▶ **WHAT THE TASK ASKS**: Once the pictures are set aside, reproduce the remaining data exactly.

───

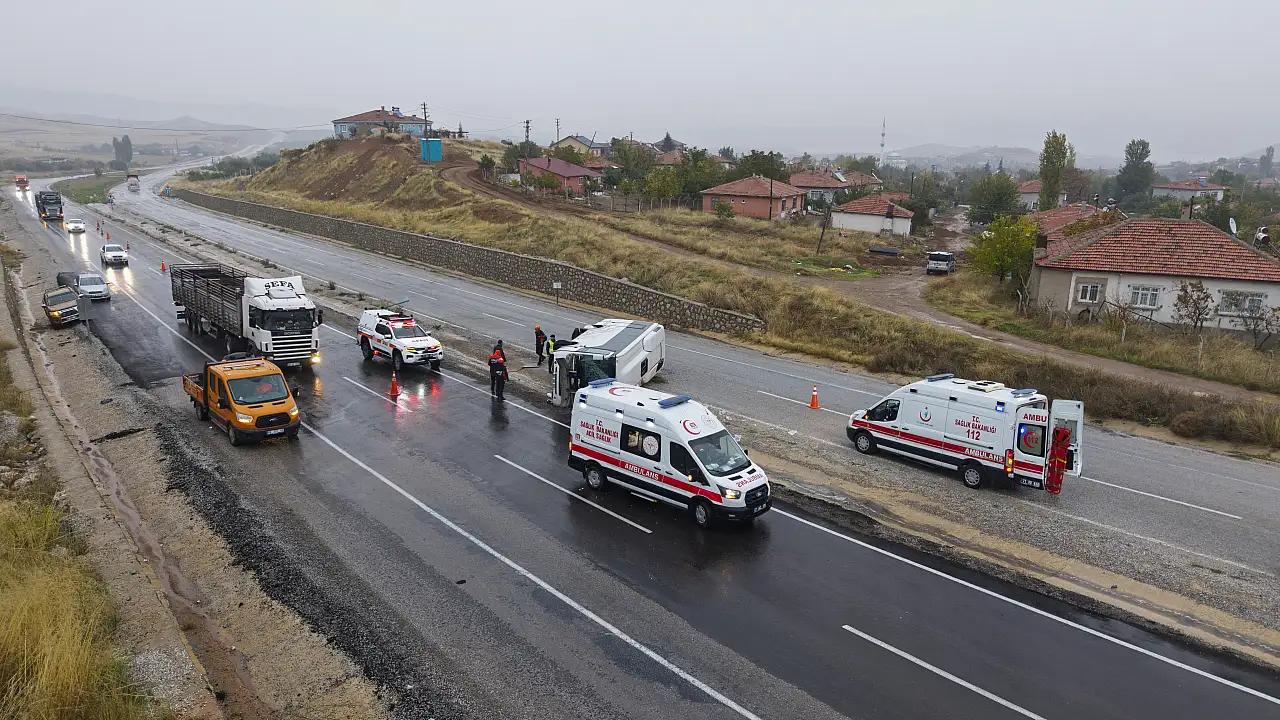 Konya yolunda işçi midibüsü devrildi! 15 yaralı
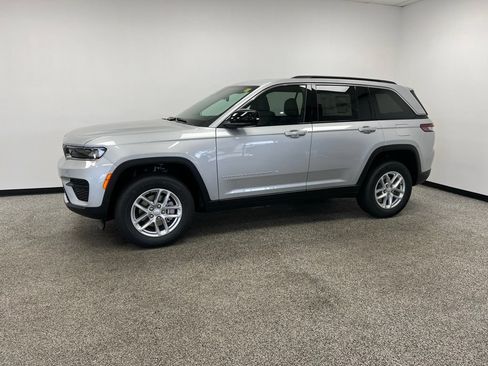New 2025 Jeep Grand Cherokee Laredo X AWD/4WD image 20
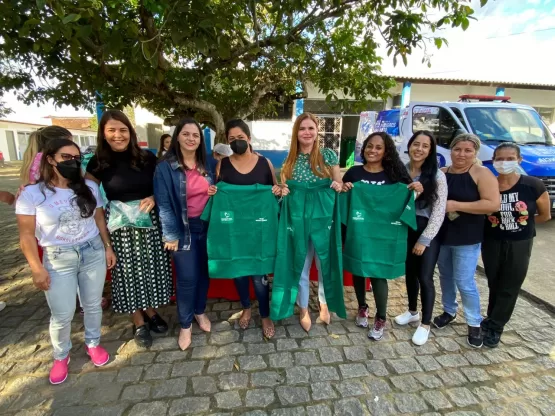 Hospital de Medeiros Neto recebe mais de um mil uniformes fruto da parceria entre Prefeitura Municipal, Usina Santa Maria e Corcovado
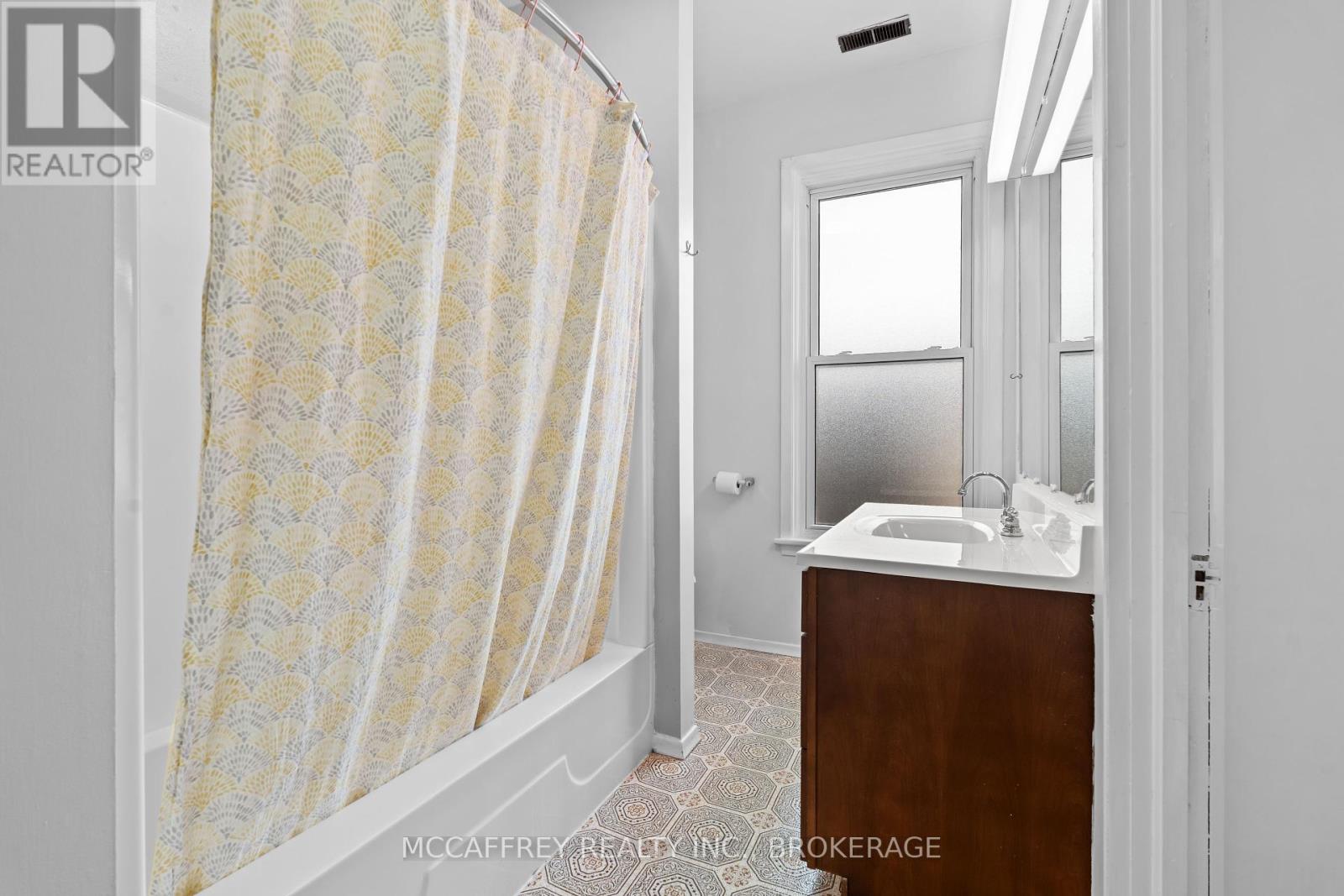 209 Centre Street N, Greater Napanee, Ontario  K7R 1N7 - Photo 42 - X12075983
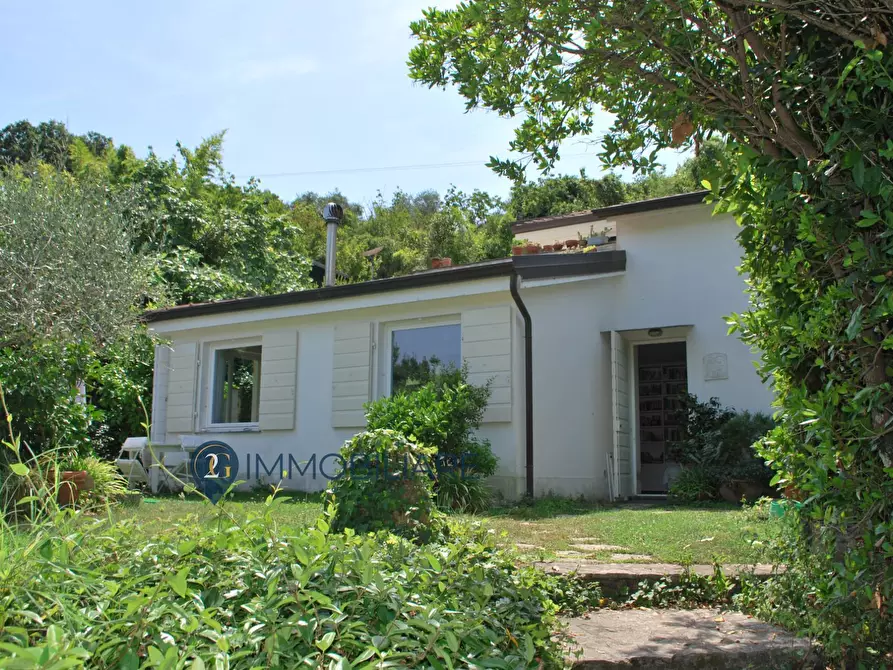 Immagine 3 di Casa semindipendente in vendita  in Zanego a Beverino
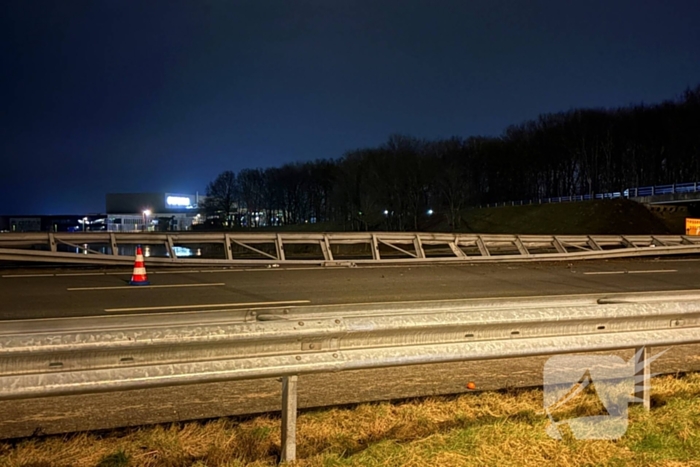 Vrachtwagen rijdt middengeleider uit berm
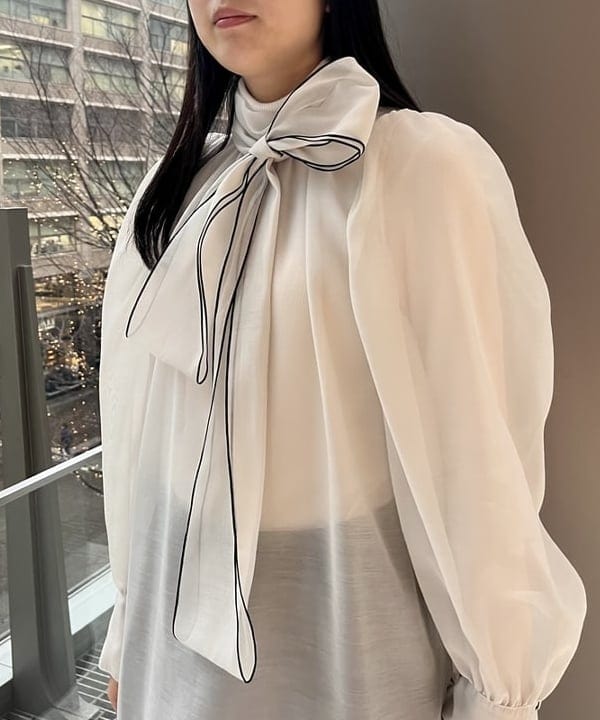 山田 千遥さんの「BEAMS WOMEN｜オーガンジー リボンブラウス」を使ったコーディネート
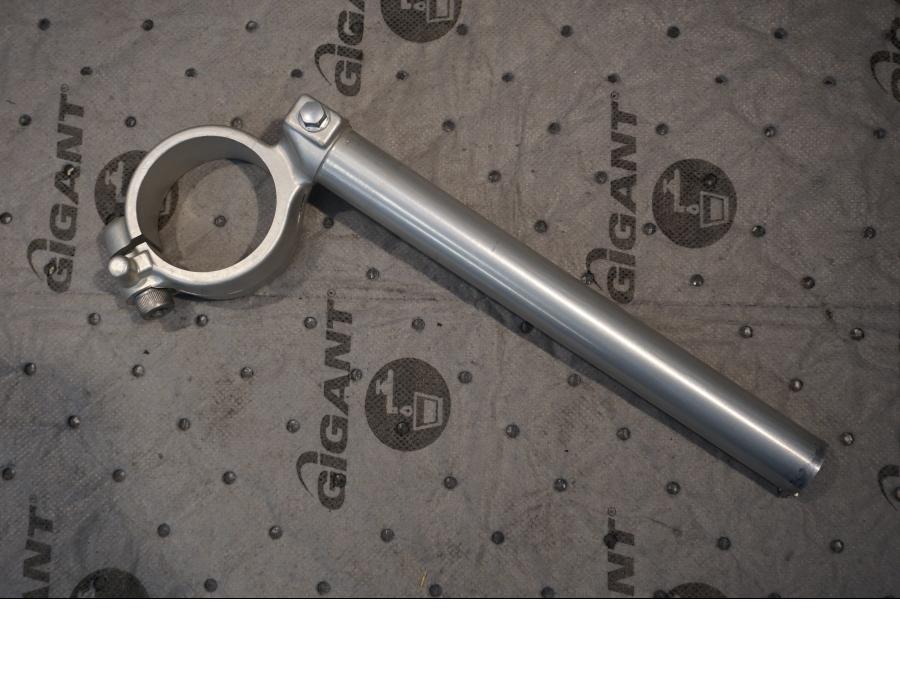 Framsidan på Styre från en Suzuki GSX-R 1000 -2008 motorcykel.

───

▶ **ANSWER FOR THE TASK**:
 Konya yolunda işçi midibüsü devrildi! 15 yaralı
New 2025 Jeep Grand Cherokee Laredo X AWD/4WD image 20
 Hospital de Medeiros Neto recebe mais de um mil uniformes fruto da parceria entre Prefeitura Municipal, Usina Santa Maria e Corcovado
 209 Centre Street N, Greater Napanee, Ontario  K7R 1N7 - Photo 42 - X12075983
 Immagine 3 di Casa semindipendente in vendita  in Zanego a Beverino
 Vrachtwagen rijdt middengeleider uit berm
 山田 千遥さんの「BEAMS WOMEN｜オーガンジー リボンブラウス」を使ったコーディネート
 Framsidan på Styre från en Suzuki GSX-R 1000 -2008 motorcykel.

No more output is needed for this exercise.